An HT analysis shows that the key to this puzzle might lie in a sector-wise break-up of economic growth. In two key non-agricultural sectors, growth under the current government has been less than what the UPA-II achieved. These are precisely the sectors where the share of employment rose significantly in the post-reform period. So, even if one were to take the new GDP back-series numbers on face value – they have been criticised by a lot of independent economists – the fruits of high growth under the present government have not gone to employment intensive sectors. Given this backdrop, it is not surprising why consumer sentiment has gone down.

The compound annual growth rate (CAGR) of Gross Value Added (GVA) under the present government (2014-15 to 2018-19) is 7.2%, higher than the 7% and 6.2% under the UPA-I and UPA-II governments. Yet, economic sentiment on three key indicators - general economic situation, employment and income - has fallen significantly in comparison to what it was when this government assumed office. Chart 1 shows net sentiment on these three indicators till November 2018, the latest period for which data is available.

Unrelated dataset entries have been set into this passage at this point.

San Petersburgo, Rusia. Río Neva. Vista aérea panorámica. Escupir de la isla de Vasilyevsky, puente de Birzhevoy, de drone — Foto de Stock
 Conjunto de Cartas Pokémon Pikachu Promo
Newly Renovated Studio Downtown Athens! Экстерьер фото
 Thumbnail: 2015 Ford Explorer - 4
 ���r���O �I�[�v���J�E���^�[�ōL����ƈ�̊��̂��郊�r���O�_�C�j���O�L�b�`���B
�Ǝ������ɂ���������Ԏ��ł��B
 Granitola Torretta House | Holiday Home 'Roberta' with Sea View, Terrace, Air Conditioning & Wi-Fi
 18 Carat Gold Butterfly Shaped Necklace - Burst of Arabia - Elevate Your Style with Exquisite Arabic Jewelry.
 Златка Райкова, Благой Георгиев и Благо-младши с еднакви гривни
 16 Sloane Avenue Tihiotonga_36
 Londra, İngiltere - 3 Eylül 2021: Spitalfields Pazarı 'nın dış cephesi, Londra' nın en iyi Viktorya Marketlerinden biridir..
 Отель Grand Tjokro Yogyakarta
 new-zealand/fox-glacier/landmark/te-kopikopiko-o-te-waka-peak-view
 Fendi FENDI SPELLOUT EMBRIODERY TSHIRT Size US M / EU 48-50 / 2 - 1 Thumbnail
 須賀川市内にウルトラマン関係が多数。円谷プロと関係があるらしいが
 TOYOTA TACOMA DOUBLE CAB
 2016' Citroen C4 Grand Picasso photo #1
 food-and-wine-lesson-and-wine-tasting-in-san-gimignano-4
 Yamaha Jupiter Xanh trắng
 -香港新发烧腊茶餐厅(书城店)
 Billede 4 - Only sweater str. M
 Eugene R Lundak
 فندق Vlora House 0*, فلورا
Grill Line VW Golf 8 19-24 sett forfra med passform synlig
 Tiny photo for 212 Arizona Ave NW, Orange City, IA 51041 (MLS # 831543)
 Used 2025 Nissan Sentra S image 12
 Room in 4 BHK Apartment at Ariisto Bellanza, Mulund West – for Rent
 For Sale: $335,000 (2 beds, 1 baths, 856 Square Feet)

Net sentiment is calculated by subtracting the share of respondents who reported a worsening of situation from those who reported an improvement. As can be seen, the perception vis-à-vis employment seems to be particularly bad.

 

A sector-wise break-up of growth performance under the three governments for which latest back-series data is available, offers an insight into this conundrum. The current government has performed worse in terms of agricultural growth than UPA-II, but it has done better in both industry and services. However, there are two subsectors; construction and trade, hotel, transport, storage and communication where the CAGR of GVA under the present government is less than what it was under UPA-II.

 

These two sectors had a share of around 27% in total GVA in 2018-19, which is half of the share of rest of the non-agricultural economy. But, they have a disproportionately high share in employment. Statistics from the KLEM (Capital with a K, Labour, Energy, Material) database released by RBI show that share of these two sectors in non-farm employment has been increasing at a fast rate and had overtaken the employment share of all other non-agricultural sectors.

To be sure, KLEM figures are available only till 2015-16, but it is unlikely that the trend would show a radical change in the subsequent period. Reading the employment share and sector-wise growth numbers shows that the most employment intensive sectors outside agriculture have actually seen a poorer growth performance under the present government. This also means that majority of the non-agricultural workforce has experienced a lower income growth, contrary to what the headline GVA numbers would want us to believe. Given this context, the fall in economic sentiment is not counter-intuitive.

The break-up of responses about the general economic situation conveys another trend which could have political implications. Share of respondents who think that the economic situation has neither improved nor worsened has been declining in the recent period. This decline in share of fence sitters has been accompanied by the rise in number of naysayers. This too might not be good news for the BJP.